It is just a budget. During the weeks leading up the Federal budget, and on Budget night itself, it pays to keep this in mind: All the words written and all the talk uttered are about things that are planned to happen, not things that actually have happened or things that are likely to happen. If there is one certainty about the estimates and forecasts Wayne Swan will make, it is that in important respects they will prove to be spectacularly wrong.

Now that is not a criticism of the Federal Treasurer. It just happens to be the nature of things. Sure, the financial boffins have their magical models of the economy that make sure all the numbers add up, but they are the very same models that at this time a year ago were predicting a continuing surplus between receipts and expenditure. When the newspapers headline rising unemployment and a whopping budget deficit, remember that 12 months ago inflation was the fear.

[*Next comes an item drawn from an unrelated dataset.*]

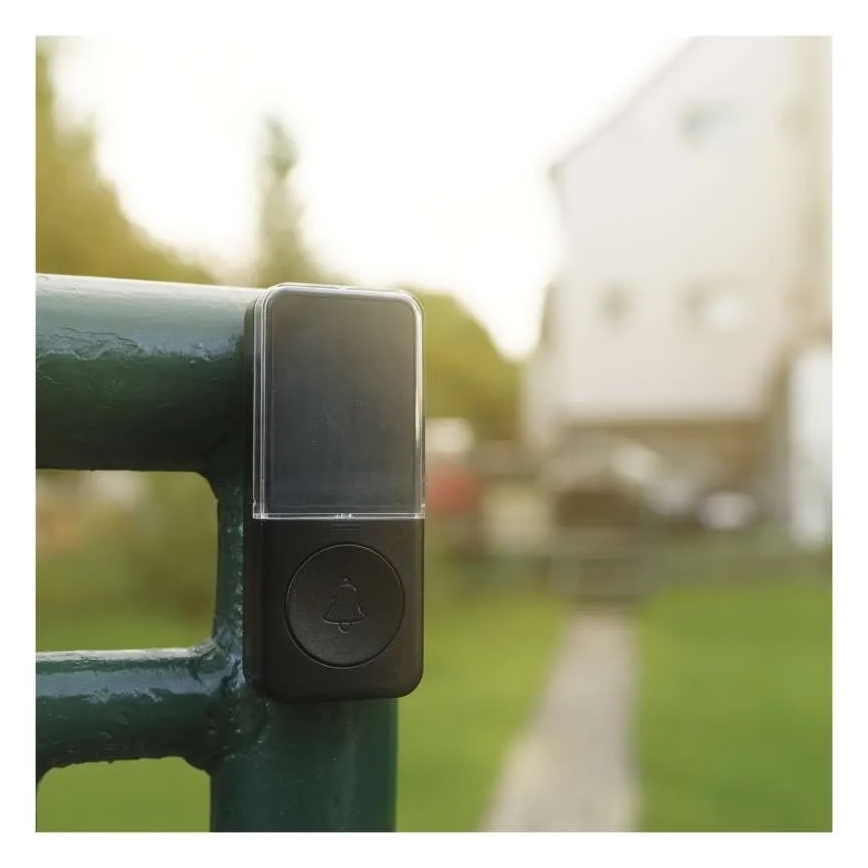 Bezprzewodowy dzwonek do gniazdka 230V + 1xCR2032 czarny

A truthful government would be telling us in this year’s budget that just as last year they were unable to predict the course of forthcoming events, so it is this year. Things might turn out to be far worse than we are expecting and they might even turn out to be better. All we can promise is to keep doing the best that we can, while we hope for the best.

Tasmania shows the gambling way again. When it comes to legalising gambling Tasmania has been the pace maker among State Governments. Back in 1895 Premier Sir Edward Braddon welcomed George Adams to Hobart with his Tattersalls lotteries after governments in New South Wales and Queensland had legislated against them. New South Wales might have shown the way with poker machines in clubs, but it was down south in 1973 that Australia got its first legal casino. More recently the Tasmanians allowed the first betting exchange with Betfair and now the state is moving to get back its leadership in the bookmaking industry from the Northern Territory by abolishing completely betting turnover tax as part of its plan to privatise the Tasmanian TAB.

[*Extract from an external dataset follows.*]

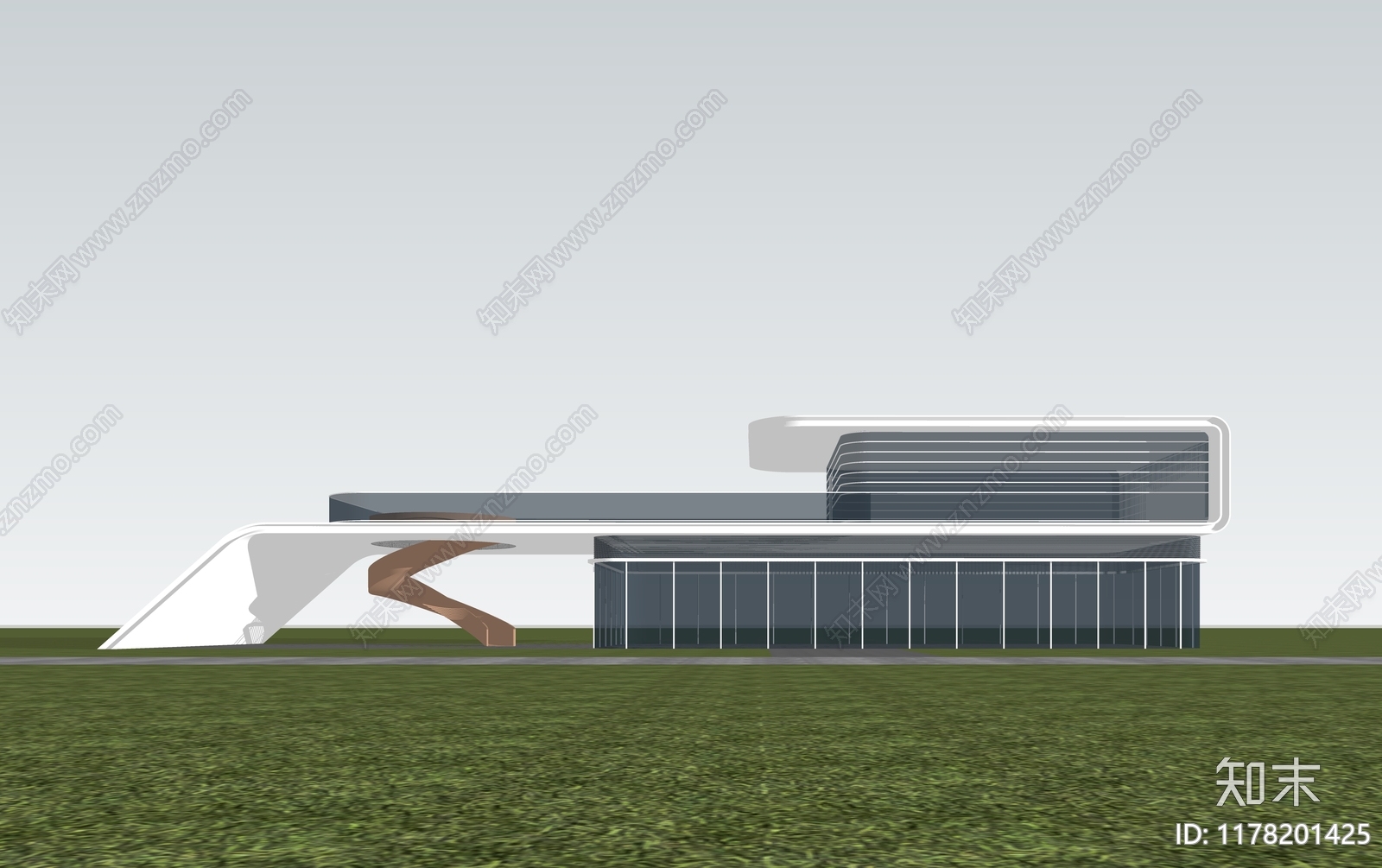 现代游客中心SU模型下载【ID:1178201425】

State Treasurer Michael Aird currently has legislation before the state upper house that would leave the government with no regular tax payments from the privatised business and without the ability it enjoys now to extract special cash dividends from the government enterprise. The only income to the state from the new owner will be a flat annual fee, set at about $4 million.

No change fancied. The Crikey Interest Rate Indicator points to the Reserve Bank leaving rates on hold when it meets on the first Tuesday in May.

No surprise to Australians. With our history of voting “No” in referendums, Australians would not be surprised to learn that the citizens of Berlin on Sunday came out against a proposal to allow school students to take religion instead of compulsory ethics classes. The “Yes” vote supported by most church groups gained 48.5% of the votes. What was a surprise was that only 29.2 percent of Berlin’s 2.45 million eligible voters bothered to cast a ballot at all.